The litigation in Alabama centered on how to create two districts that would elect Black voters’ preferred candidates, which resulted in a focus on three of Alabama’s largest cities—Birmingham, Mobile, and Montgomery—and the Black Belt. This rural region, named for its dark, fertile soil, runs west to east across the southern half of the state, encompassing Montgomery and 17 other counties. Due to the legacy of plantation slavery and Jim Crow, the Black Belt has a large Black population today, as do the three cities mentioned above.
The map that Alabama Republicans adopted in 2021 connected parts of Birmingham and Montgomery, linking them through a swath of the Black Belt to create the majority-Black 7th District. The rest of the Black Belt, meanwhile, was split among multiple majority-white districts.
The GOP’s 2023 map removed Montgomery from the 7th and drew it into the 2nd District, but their revamped 2nd still contained heavily white rural areas north of the Black Belt and further south in the Wiregrass region along the Florida border. As a result, even though this iteration of the 2nd District contained 74% of the Black Belt’s residents, it retained a white majority and remained safely Republican.

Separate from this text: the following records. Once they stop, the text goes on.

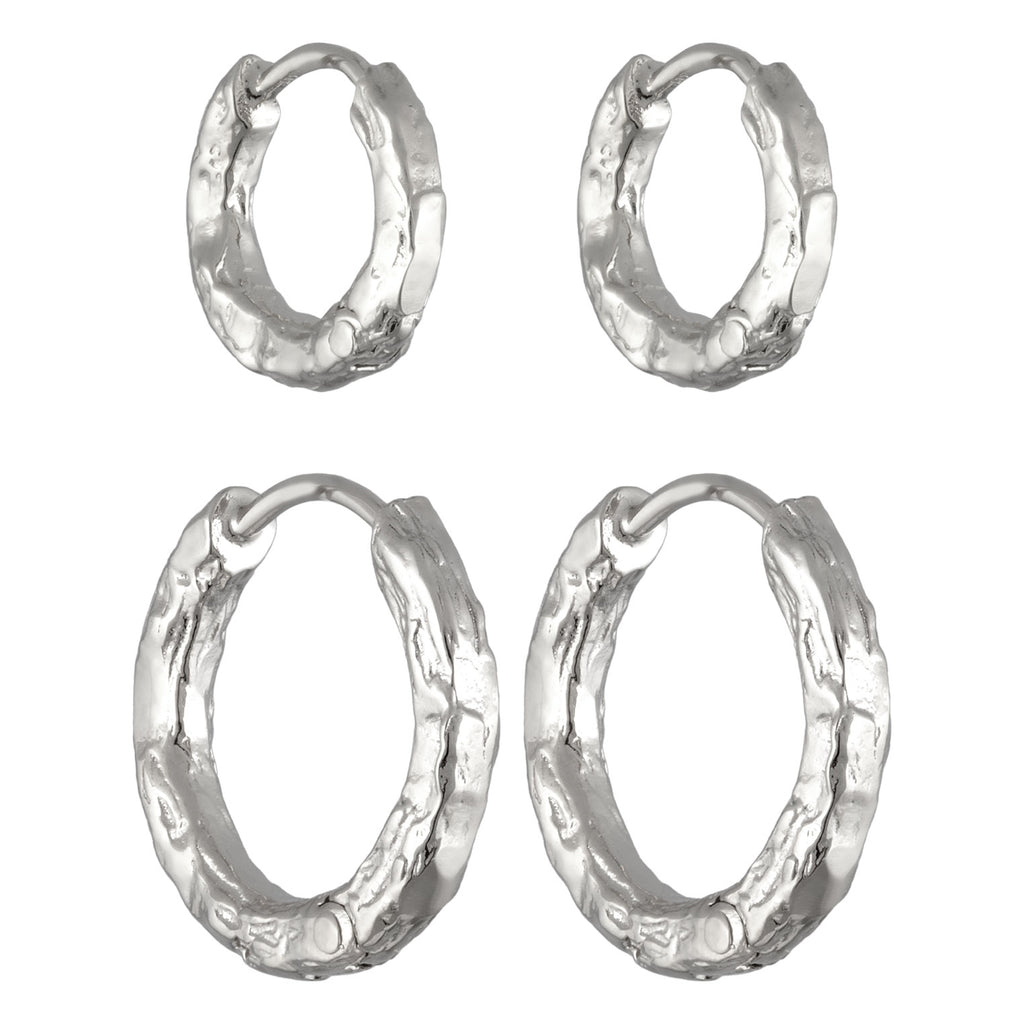 Silber - Elli | Creoles Set Strukturiert | 925 Sterling Silber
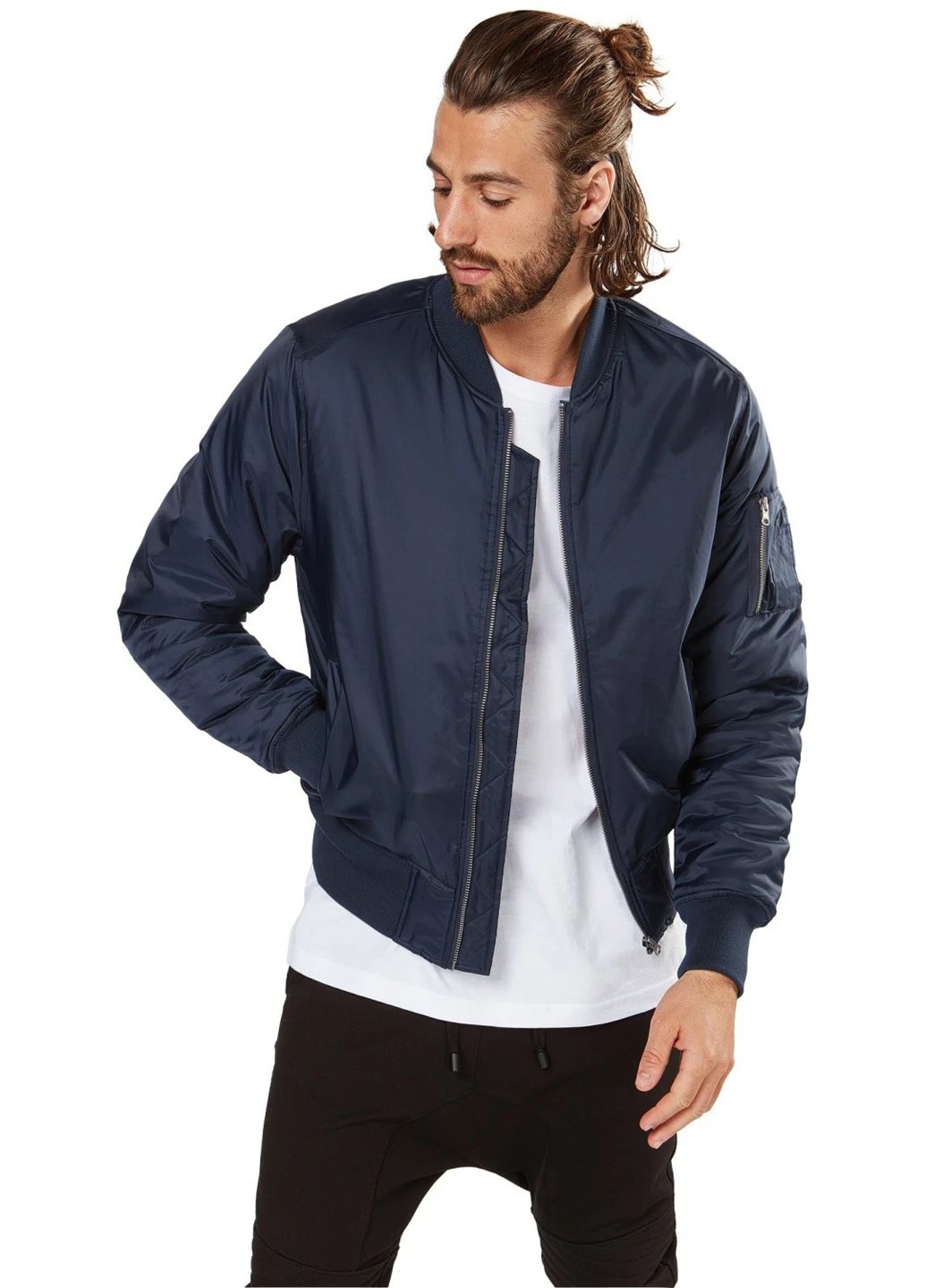 Бомбер Urban Classics бейсбольный на молнии (330068779)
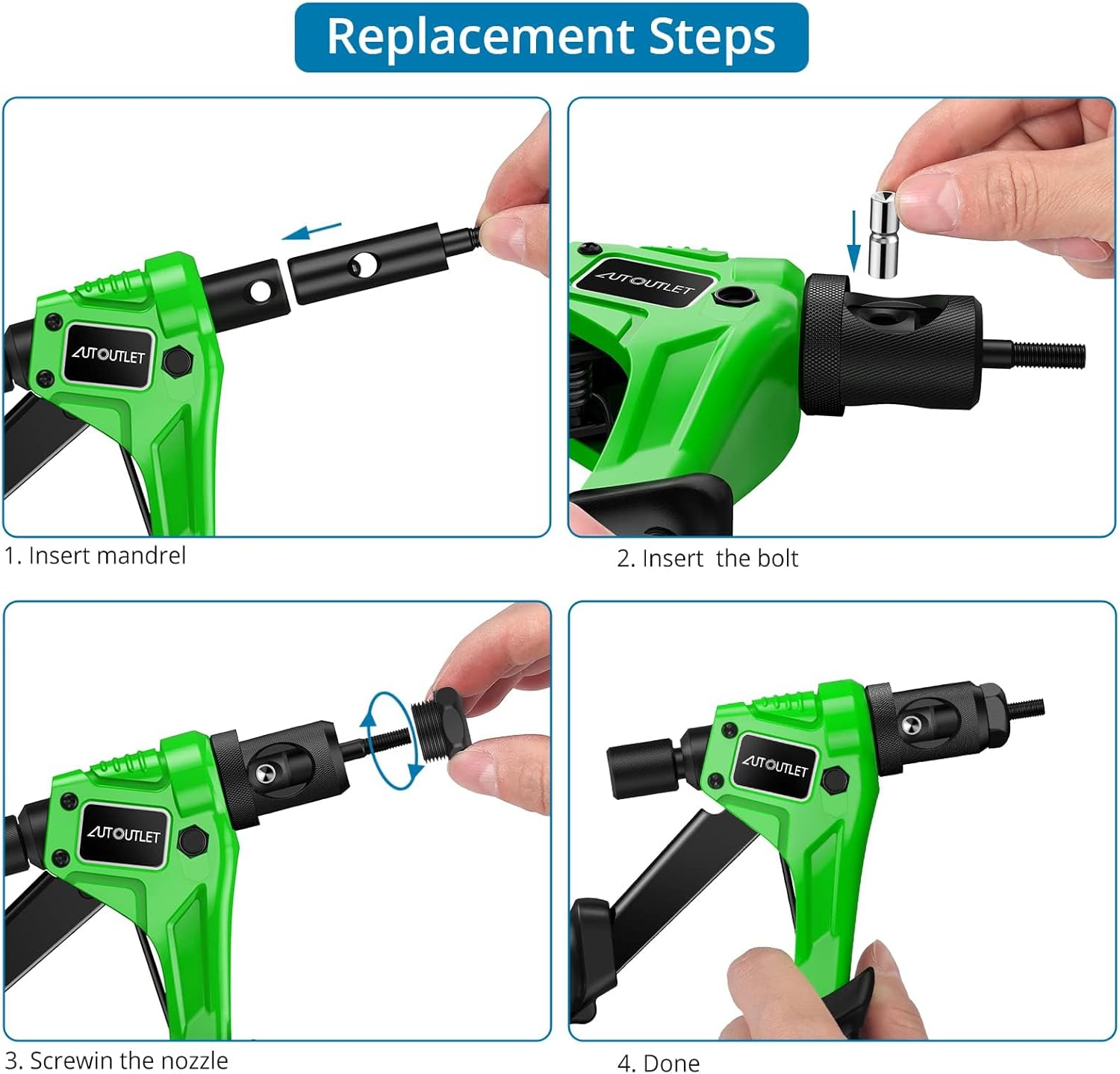 AUTOUTLET Nietmutternzange Set, Profi Hand Nietzange mit M3 M4 M5 M6 Dorne und 100pcs Nieten, 8" Mini Nietmutternpistole Nietmaschine mit Werkzeugbox, Hand Riveter Rivet Gun Riveting Tools(Grün)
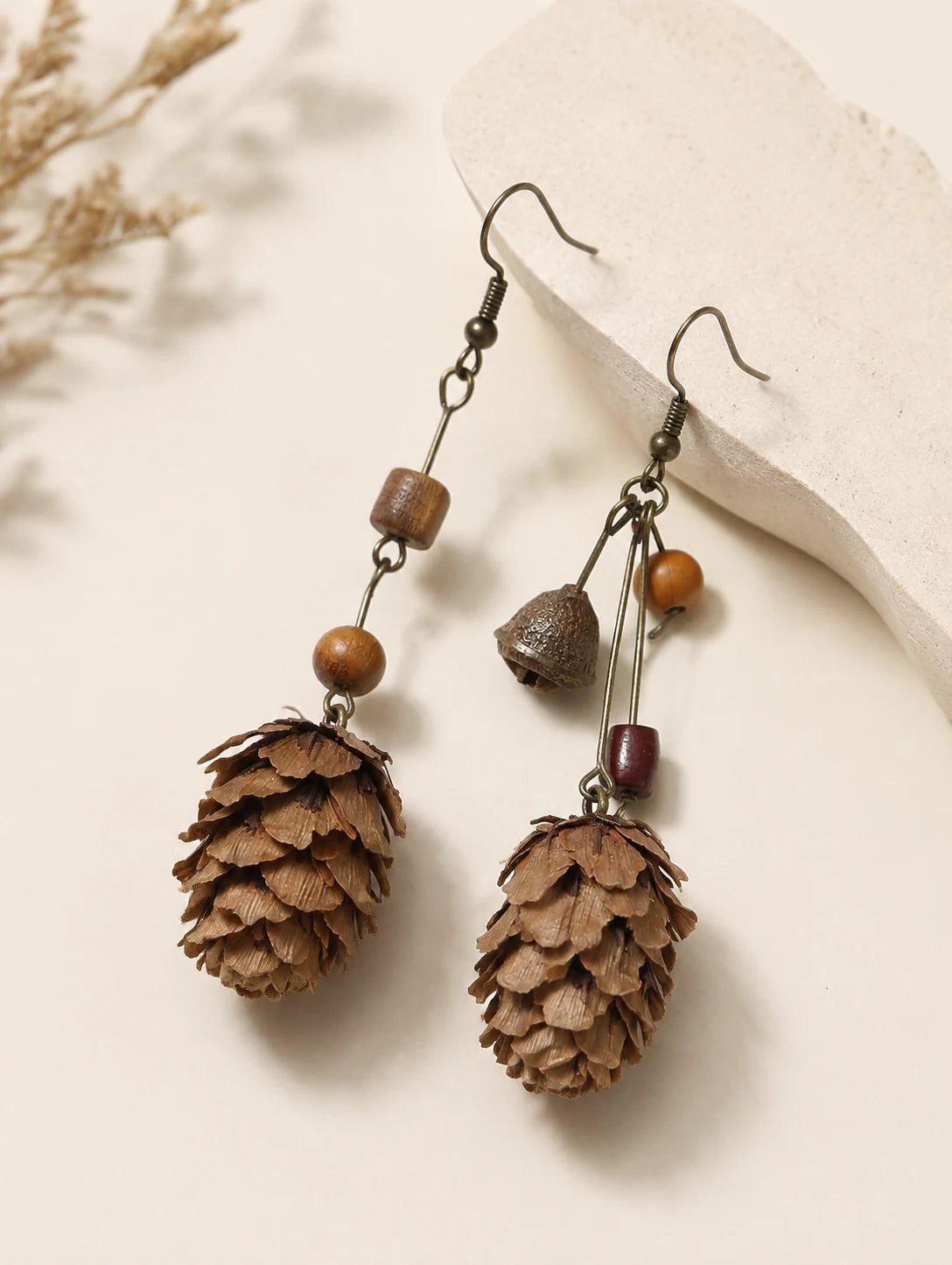 Asymmetrical Woodland Cone Earrings — alternate angle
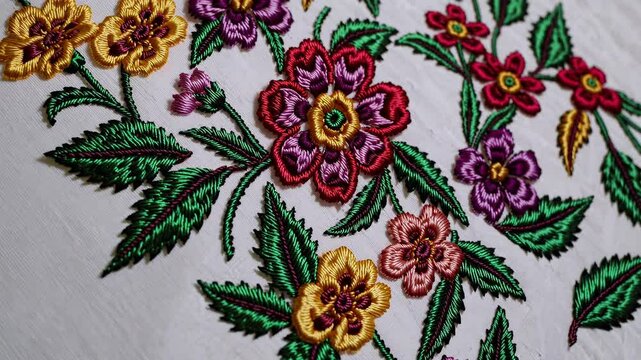 Intricate floral embroidery adorning white fabric, revealing delicate needlework patterns in vibrant colors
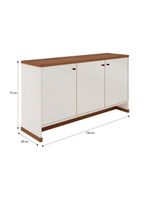 Conjunto Escritório 2 Peças - Buffet E Armário Verbena - Offwhite/ Offwhite/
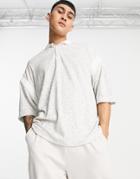 Asos Design Oversized Polo Shirt In Gray Heather Velour Fleece-white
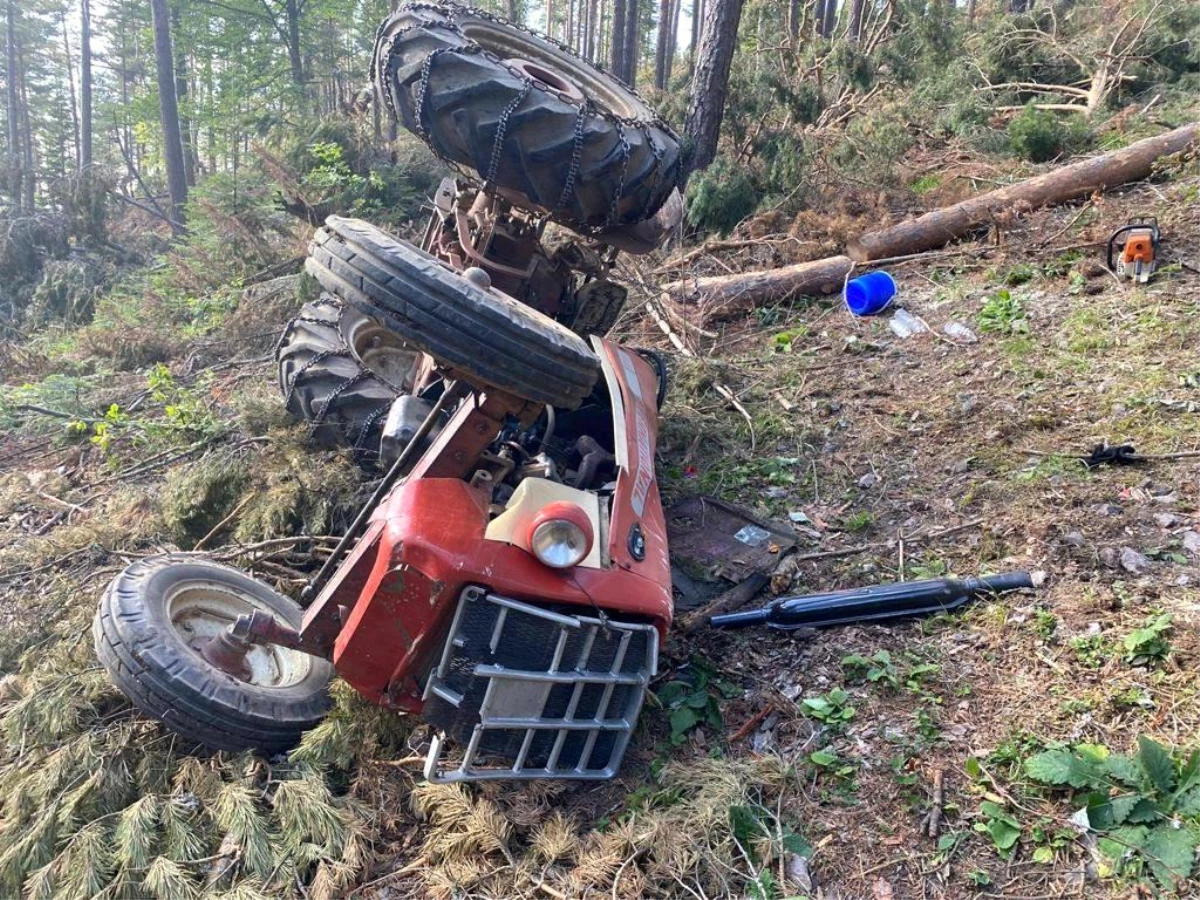 Orman kesimi sırasında traktör devrildi, işçi hayatını kaybetti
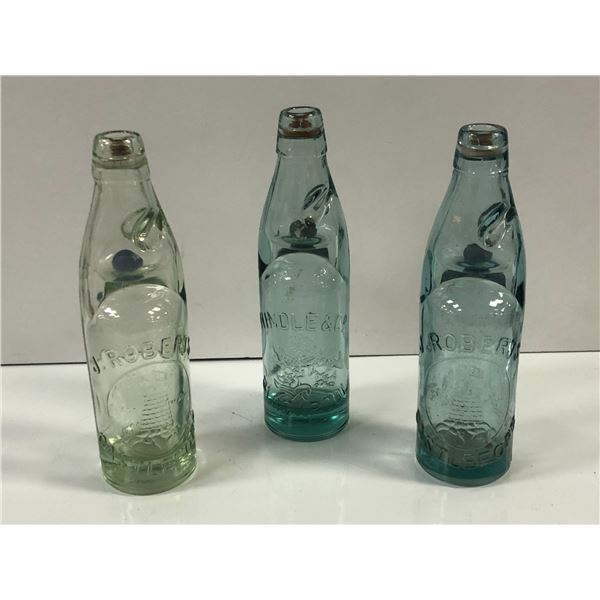 Group of 3 antique glass bottles w/ marble - 2 J. Roberts Castleford & 1 Hindle & Co.BlackPool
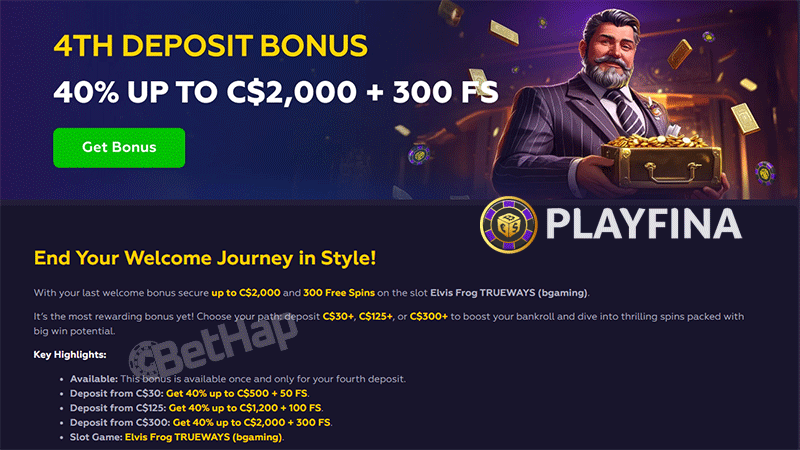 Playfina’s Fourth Deposit Bonus- Secure Up to C$2,000 + 300 Free Spins on Elvis Frog TRUEWAYS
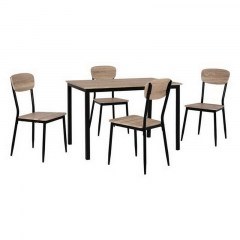 Dining Table Set 5pcs HM10339 Sonama-Black 110x70x76cm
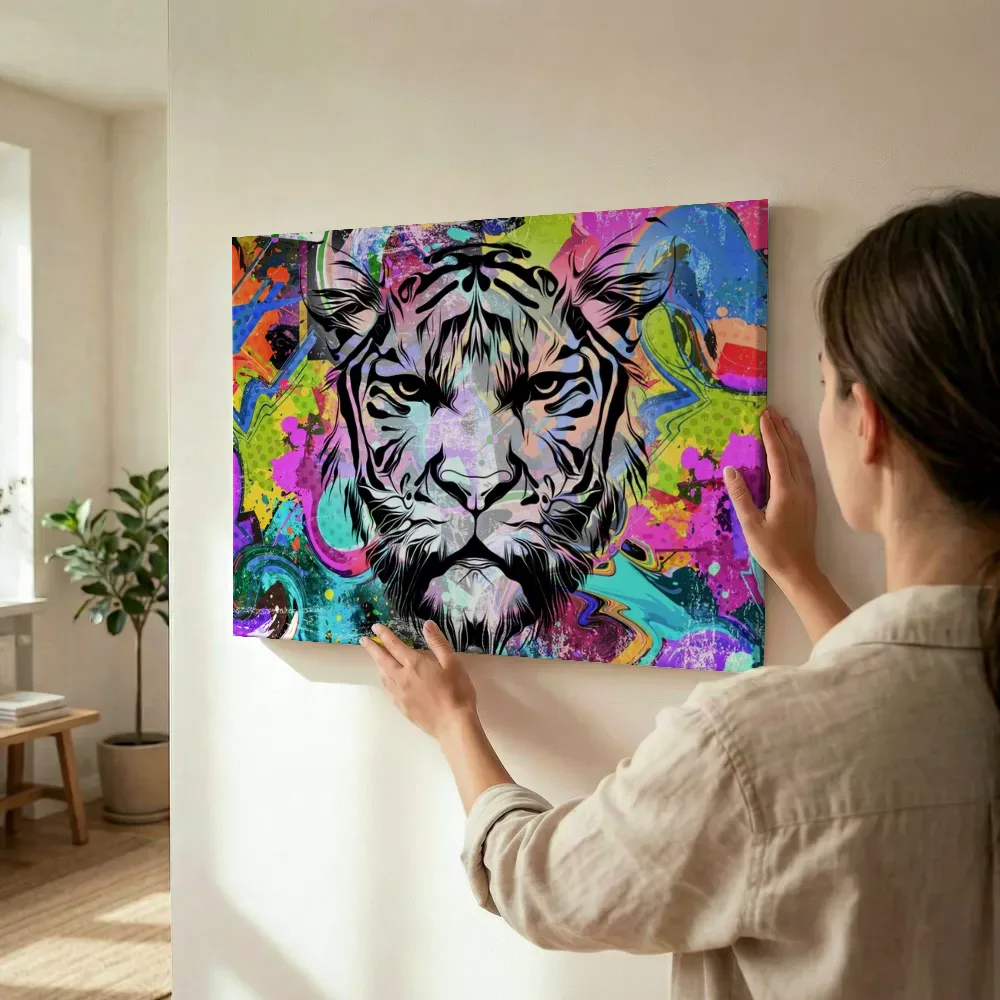 Sfeerimpressie: Pop-art tijger terwijl het wordt opgehangen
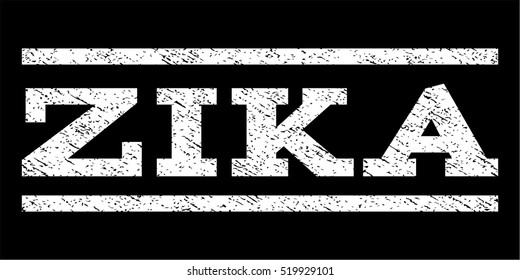 Zika watermark stamp. Text tag between horizontal parallel lines with grunge design style. Rubber seal stamp with unclean texture. Vector white color ink imprint on a black background.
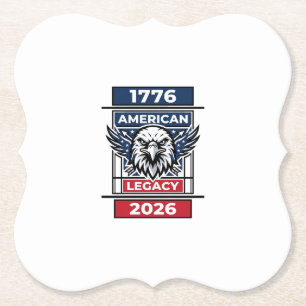 Vintage Eagle 1776 2026 Shirt Patriotische Typogra Untersetzer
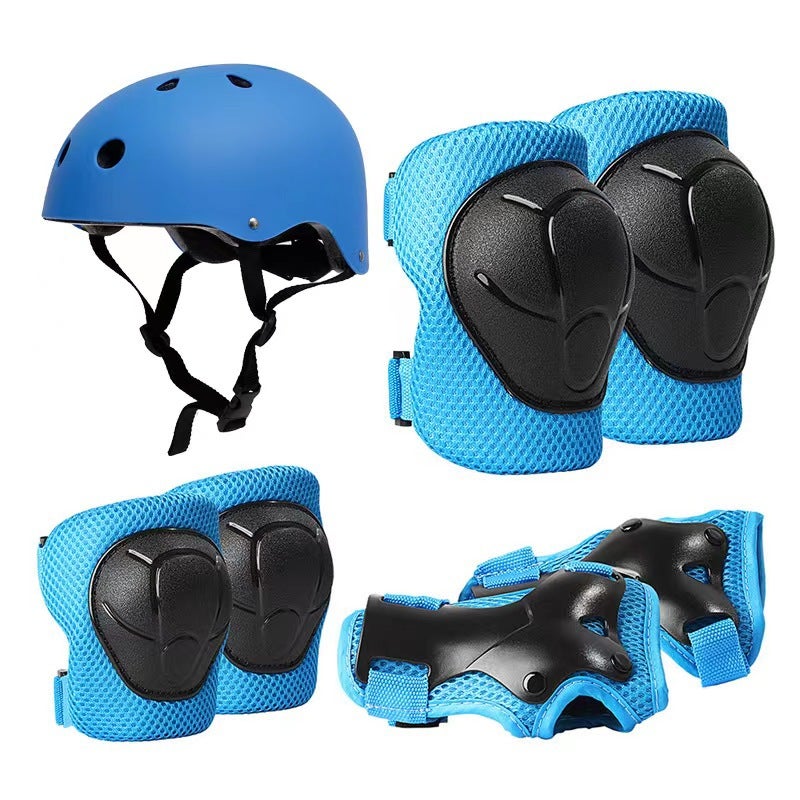 Kids Skateboard Protective Gear Set Blue seven-piece set (helmet knee pads elbow pads)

By contrast, all three of the maps proposed by Richard Allen, the court-appointed expert, would remove these whiter rural areas from the 2nd and instead give it most of Mobile in the Gulf Coast region, which would put the entire Black Belt inside the two Black-preference districts. Republicans bitterly resisted the idea of linking Montgomery and Mobile, but the court previously recognized that Black voters in both regions share significant commonalities. Republicans themselves had even connected these areas in a similar district on the state Board of Education map they enacted in 2021.
Allen heavily prioritized making as few changes to the GOP’s 2023 map as were necessary to remedy the Voting Rights Act violation. Therefore, his proposals would not change the heavily white 3rd, 4th, and 5th districts, while the 6th and 7th districts would see only small changes. The 7th would thus remain a majority-Black and safely Democratic district linking part of the Black Belt with parts of the Birmingham region.
Consequently, only the 1st and 2nd would see major revisions, and all three of his proposals are very similar. According to Dave’s Redistricting App, his proposed versions of the 2nd District would be 50.1% Black and favor Joe Biden 56-43 in 2020 under Plan 1, 48.7% Black and 56-43 Biden under Plan 3, and 48.5% Black and 54-45 Biden under Plan 2 (an election margin that rounds to 10 percentage points).
Any of these maps, if adopted, would very likely lead to a Black Democrat flipping the 2nd District, which is currently held by Republican Barry Moore. Moore could try running against fellow Republican Rep. Jerry Carl in the 1st District, but he’d likely face a major disadvantage in a primary. According to calculations by Daily Kos Elections, 66% of the 1st District’s population under Plan 1 would come from Carl’s current district, compared with just 34% coming from Moore’s. Plan 3 sees Carl with his smallest advantage, 59-41, which would likely still be an uphill climb for Moore.
If a map resembling any of these three were adopted and a Black Democrat flipped the 2nd, Alabama would have two Black members of Congress for the first time ever. It would also mark the first time since the early 1960s that a Democrat has represented a district covering part of the Mobile area.